Polling and market research firm Gallup has agreed to a $10.5 million settlement with the Department of Justice over a complaint that it overcharged two government agencies with which it had no-bid contracts.

According to the DOJ complaint, Gallup overstated its estimated labor hours for orders it had with the State Department and the U.S. Mint, resulting in “falsely inflated prices” for the government work. The DOJ complaint also alleged Gallup engaged in “improper employment negotiations” with a Federal Emergency Management Agency official to secure an overpriced subcontract.
“Contractors must be honest and straightforward in their contract proposals to the government,” the DOJ said in a statement. “We will pursue contractors that seek to take advantage of the government by providing estimates that do not reflect their best judgment, or by offering employment to federal officials who have a conflict of interest. This type of misconduct results in inflated contract prices and undermines the integrity of the government’s contracting process.”
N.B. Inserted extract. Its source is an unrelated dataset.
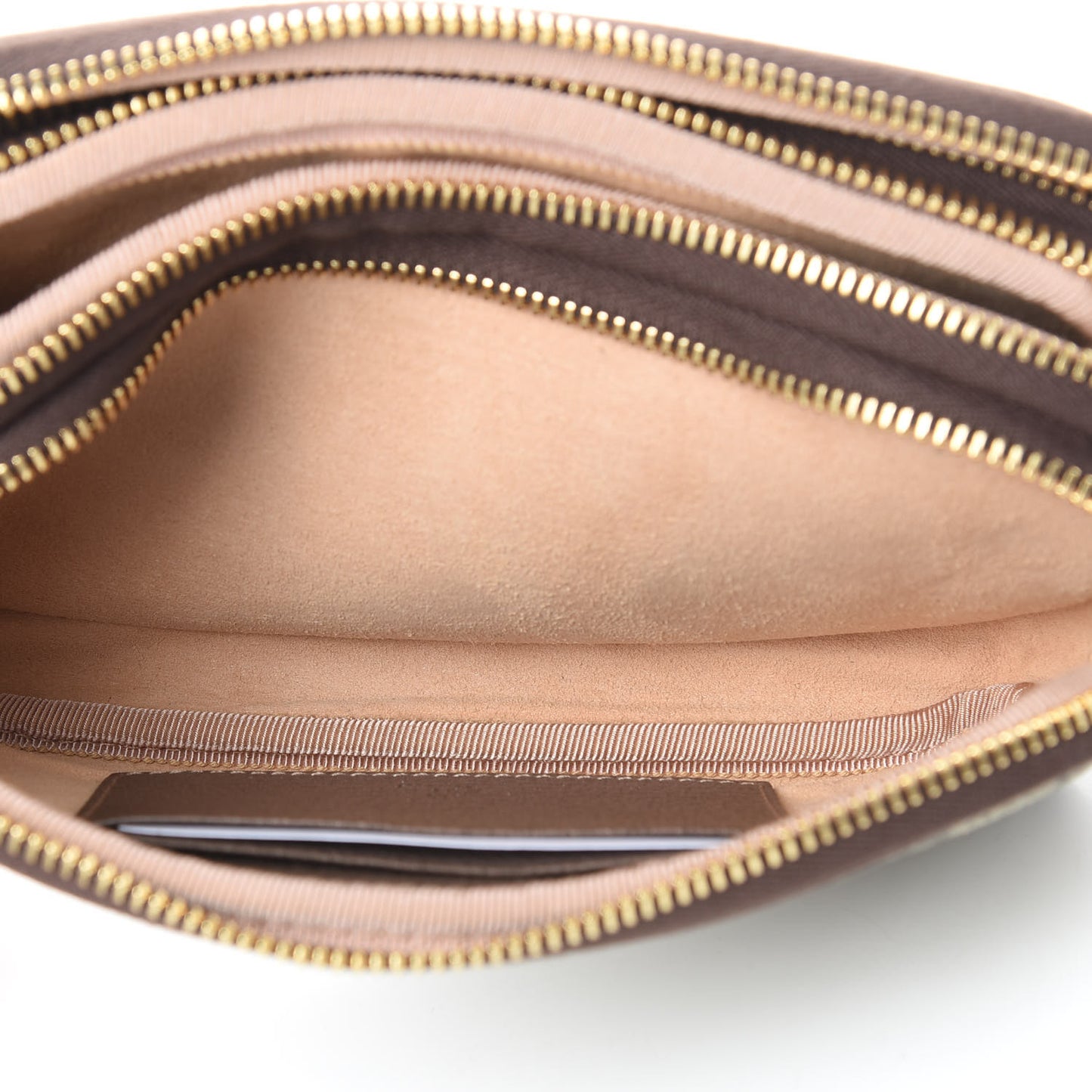 GG Supreme Monogram Web Mini Ophidia GG Bag Brown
“This significant corporate settlement and the related criminal prosecution should send a clear message that contractors and government officials alike must operate with honor and integrity,” the department added. 
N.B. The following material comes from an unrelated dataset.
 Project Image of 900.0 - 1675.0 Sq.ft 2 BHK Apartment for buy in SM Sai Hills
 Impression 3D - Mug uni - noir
Gallup agreed to the settlement but didn’t admit to any wrongdoing.
“By ending this civil action with no admission of wrongdoing, Gallup can avoid further distraction and focus on serving its customers,” the firm said in a statement. “The company continues its dedication to the highest standard of ethics in business.”
Gallup’s campaign and political polling is among the most closely watched in the country. In June, the firm unveiled a sweeping review and overhaul of its polling methodologies after producing data that skewed toward Republican presidential nominee Mitt Romney in the 2012 election.